Unsupervised Acoustic Word Embeddings on Buckeye English and NCHLT Xitsonga

Overview

Note: An updated version of this recipe is available at https://github.com/kamperh/recipe_bucktsong_awe_py3. This updated recipe is implemented in Python 3 (instead of Python 2.7) and uses LibROSA for feature extraction (instead of HTK).

Unsupervised acoustic word embedding (AWE) approaches are implemented and evaluated on the Buckeye English and NCHLT Xitsonga speech datasets. The experiments are described in:

H. Kamper, "Truly unsupervised acoustic word embeddings using weak top-down constraints in encoder-decoder models," in Proc. ICASSP, 2019. [arXiv]

Please cite this paper if you use the code.

Disclaimer

The code provided here is not pretty. But I believe that research should be reproducible. I provide no guarantees with the code, but please let me know if you have any problems, find bugs or have general comments.

Datasets

Portions of the Buckeye English and NCHLT Xitsonga corpora are used. The whole Buckeye corpus will be required to execute the steps here, and the portion of the NCHLT data. These can be downloaded from:

Buckeye corpus: buckeyecorpus.osu.edu
NCHLT Xitsonga portion: www.zerospeech.com. This requires registration for the challenge.

From the complete Buckeye corpus we split off several subsets. The most important are the sets labelled as devpart1 and zs in the code here. These sets respectively correspond to English1 and English2 in Kamper et al., 2016, so see the paper for more details. More details of which speakers are found in which set is also given at the end of features/readme.md. We use the entire Xitsonga dataset provided as part of the Zero Speech Challenge 2015 (this is already a subset of the NCHLT data).

Download all these datasets beforehand. These can be stored apart from the code.

Clone the repository

Clone the repository by running:

git clone https://github.com/kamperh/bucktsong_awe

Move into the repository directory:

cd bucktsong_awe

Docker

This recipe comes with Dockerfiles which can be used to build images containing all of the required dependencies. This recipe can be completed without using Docker, but using the image makes it easier to resolve dependencies.
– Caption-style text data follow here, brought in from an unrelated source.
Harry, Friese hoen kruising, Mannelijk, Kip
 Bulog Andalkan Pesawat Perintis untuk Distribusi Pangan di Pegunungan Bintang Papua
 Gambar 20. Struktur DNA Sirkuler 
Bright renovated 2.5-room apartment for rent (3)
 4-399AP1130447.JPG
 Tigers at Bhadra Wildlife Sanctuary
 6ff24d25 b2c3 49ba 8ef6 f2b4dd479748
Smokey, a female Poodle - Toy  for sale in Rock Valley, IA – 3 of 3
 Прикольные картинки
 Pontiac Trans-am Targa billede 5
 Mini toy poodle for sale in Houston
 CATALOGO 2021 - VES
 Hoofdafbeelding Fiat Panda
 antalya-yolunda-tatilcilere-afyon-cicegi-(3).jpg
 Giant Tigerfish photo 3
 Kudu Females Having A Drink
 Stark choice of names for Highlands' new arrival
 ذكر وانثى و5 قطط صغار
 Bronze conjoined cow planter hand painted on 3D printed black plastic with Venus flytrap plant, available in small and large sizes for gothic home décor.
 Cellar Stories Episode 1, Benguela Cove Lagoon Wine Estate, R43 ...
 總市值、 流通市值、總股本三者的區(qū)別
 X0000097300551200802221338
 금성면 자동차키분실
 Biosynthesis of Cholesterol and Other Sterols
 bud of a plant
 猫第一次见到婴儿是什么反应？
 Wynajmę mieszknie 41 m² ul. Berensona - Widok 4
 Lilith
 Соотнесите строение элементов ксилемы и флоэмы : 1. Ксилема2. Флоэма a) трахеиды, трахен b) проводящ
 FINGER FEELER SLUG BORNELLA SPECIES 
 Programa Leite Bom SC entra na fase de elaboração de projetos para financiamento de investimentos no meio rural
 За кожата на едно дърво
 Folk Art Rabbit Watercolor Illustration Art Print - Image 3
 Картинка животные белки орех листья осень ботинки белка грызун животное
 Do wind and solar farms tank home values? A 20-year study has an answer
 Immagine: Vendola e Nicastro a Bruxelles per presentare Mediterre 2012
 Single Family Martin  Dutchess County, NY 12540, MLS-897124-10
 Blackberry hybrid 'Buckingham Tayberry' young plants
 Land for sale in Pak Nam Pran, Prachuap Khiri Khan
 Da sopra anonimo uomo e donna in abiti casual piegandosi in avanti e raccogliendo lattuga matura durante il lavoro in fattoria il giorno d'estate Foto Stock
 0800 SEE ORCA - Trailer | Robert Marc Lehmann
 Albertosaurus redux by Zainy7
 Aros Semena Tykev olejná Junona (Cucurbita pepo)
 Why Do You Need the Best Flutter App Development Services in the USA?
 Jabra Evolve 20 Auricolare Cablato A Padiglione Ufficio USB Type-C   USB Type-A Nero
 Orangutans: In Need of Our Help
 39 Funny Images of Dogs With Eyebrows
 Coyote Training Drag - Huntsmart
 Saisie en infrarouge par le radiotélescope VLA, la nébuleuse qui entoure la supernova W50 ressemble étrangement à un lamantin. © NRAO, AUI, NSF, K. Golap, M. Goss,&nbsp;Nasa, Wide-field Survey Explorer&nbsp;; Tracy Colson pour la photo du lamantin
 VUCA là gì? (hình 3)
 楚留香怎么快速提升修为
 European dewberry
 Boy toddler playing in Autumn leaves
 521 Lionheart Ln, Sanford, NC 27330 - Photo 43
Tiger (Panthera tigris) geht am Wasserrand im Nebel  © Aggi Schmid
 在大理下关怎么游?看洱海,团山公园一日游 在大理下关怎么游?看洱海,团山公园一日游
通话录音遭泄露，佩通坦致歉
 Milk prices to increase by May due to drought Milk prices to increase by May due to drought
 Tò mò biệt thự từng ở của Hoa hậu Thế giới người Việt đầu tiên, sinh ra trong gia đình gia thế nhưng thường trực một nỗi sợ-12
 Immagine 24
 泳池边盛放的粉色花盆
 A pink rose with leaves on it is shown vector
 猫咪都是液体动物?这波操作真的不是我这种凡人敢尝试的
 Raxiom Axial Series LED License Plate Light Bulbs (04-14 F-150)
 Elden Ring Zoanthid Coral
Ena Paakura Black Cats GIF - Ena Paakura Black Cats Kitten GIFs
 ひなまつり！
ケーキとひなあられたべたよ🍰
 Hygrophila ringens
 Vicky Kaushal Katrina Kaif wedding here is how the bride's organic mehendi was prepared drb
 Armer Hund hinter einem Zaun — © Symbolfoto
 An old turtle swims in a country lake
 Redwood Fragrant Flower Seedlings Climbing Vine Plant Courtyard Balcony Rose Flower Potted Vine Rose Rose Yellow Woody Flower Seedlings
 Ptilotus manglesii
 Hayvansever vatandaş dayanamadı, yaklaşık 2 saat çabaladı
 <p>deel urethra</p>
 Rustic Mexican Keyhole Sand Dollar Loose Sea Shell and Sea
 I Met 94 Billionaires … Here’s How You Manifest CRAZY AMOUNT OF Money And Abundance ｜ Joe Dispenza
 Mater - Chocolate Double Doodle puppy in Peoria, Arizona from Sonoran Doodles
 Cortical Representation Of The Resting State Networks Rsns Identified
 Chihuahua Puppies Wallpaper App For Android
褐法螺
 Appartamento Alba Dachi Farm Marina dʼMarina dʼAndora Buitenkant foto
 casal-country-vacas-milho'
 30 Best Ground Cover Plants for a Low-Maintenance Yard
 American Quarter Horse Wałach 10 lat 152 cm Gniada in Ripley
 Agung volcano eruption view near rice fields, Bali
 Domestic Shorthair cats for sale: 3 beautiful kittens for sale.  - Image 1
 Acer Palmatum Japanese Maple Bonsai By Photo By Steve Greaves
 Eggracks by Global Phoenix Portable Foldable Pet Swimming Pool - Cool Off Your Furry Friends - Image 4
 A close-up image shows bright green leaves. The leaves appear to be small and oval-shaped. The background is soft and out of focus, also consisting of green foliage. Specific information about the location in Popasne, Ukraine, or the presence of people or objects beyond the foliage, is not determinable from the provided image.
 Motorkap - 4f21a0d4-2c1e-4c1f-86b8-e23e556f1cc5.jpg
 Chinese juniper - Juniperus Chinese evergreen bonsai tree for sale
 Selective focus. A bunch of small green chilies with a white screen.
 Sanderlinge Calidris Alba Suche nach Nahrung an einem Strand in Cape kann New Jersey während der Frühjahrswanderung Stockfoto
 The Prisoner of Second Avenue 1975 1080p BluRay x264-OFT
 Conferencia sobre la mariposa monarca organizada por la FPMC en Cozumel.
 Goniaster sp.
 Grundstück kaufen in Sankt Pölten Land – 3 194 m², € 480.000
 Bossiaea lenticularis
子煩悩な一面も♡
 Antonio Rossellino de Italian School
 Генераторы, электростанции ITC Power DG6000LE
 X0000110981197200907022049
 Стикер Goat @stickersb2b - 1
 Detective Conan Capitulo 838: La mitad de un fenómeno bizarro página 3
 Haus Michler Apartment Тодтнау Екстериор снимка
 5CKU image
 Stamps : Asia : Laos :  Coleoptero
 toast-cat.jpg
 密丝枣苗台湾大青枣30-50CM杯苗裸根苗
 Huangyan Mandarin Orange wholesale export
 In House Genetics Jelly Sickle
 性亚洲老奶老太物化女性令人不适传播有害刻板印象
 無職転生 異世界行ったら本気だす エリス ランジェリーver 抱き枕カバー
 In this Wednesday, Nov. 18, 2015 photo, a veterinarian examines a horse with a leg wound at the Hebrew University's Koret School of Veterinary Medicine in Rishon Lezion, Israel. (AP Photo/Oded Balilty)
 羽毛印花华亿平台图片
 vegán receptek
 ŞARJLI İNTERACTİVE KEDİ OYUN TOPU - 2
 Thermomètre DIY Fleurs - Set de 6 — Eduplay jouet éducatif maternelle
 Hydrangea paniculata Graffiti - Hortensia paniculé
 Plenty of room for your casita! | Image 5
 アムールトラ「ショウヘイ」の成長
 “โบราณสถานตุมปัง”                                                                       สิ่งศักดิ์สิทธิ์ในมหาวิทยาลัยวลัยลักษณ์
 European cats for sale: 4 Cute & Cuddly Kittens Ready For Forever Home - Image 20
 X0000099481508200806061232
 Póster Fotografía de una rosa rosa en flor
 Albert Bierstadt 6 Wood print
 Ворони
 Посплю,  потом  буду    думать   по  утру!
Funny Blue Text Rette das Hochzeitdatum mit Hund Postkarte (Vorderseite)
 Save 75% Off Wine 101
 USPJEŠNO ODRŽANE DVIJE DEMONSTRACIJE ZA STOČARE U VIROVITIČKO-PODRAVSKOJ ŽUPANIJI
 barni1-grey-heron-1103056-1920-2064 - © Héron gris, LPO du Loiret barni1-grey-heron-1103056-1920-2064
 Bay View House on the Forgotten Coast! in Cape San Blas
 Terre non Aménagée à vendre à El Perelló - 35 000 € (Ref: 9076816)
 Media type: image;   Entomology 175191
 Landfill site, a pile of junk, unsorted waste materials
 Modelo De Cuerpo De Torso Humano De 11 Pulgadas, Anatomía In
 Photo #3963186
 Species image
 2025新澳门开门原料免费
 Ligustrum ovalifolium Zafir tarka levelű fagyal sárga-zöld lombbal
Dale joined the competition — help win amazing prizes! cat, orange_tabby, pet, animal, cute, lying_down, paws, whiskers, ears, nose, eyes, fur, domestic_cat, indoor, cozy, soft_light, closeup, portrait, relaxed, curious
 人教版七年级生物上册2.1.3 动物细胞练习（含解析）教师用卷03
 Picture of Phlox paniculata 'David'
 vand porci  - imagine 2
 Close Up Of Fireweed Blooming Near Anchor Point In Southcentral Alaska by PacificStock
To use the docker image you need to first:

Install Docker and follow the post installation steps.
Install nvidia-docker.

The one dependency for building the image is HTK. Download the file HTK-3.4.1.tar.gz from their website and copy this into the docker directory.

Then, to build a docker image, run the following:

cd docker
docker build -f Dockerfile.gpu -t tf-htk .
cd ..

All the rest of the steps can be run in a container in interactive mode. You will need to mount the dataset directories. To run the container in interactive mode with the mounted directories, run:

docker run --runtime=nvidia \
    -v /r2d2/backup/endgame/datasets/buckeye:/data/buckeye \
    -v /r2d2/backup/endgame/datasets/zrsc2015/xitsonga_wavs:/data/xitsonga_wavs \
    -v "$(pwd)":/home -it -p 8887:8887 tf-htk

Alternatively, simply run ./docker.sh, which executes the above command and starts an interactive container.

Preliminaries

If you are not using the docker image, install all the standalone dependencies (see Dependencies section below). Then follow the steps here. The docker image includes all these dependencies and GitHub repositories.

Clone the required GitHub repositories into ../src/ as follows:

mkdir ../src/  # not necessary using docker
git clone https://github.com/kamperh/speech_dtw.git ../src/speech_dtw/

Build the speech_dtw tools by running:

cd ../src/speech_dtw
make
make test
cd -

For speech_dtw you need to run make to build. Unit tests can be performed by running make test. See the readmes for more details.

Testing

In the root project directory, run make test to run unit tests.

Feature extraction

Update the paths in paths.py. If you are using docker, this file should already contain the mounted directories. Extract filterbank and MFCC features moving to the directory (cd features) and then running the steps in features/readme.md.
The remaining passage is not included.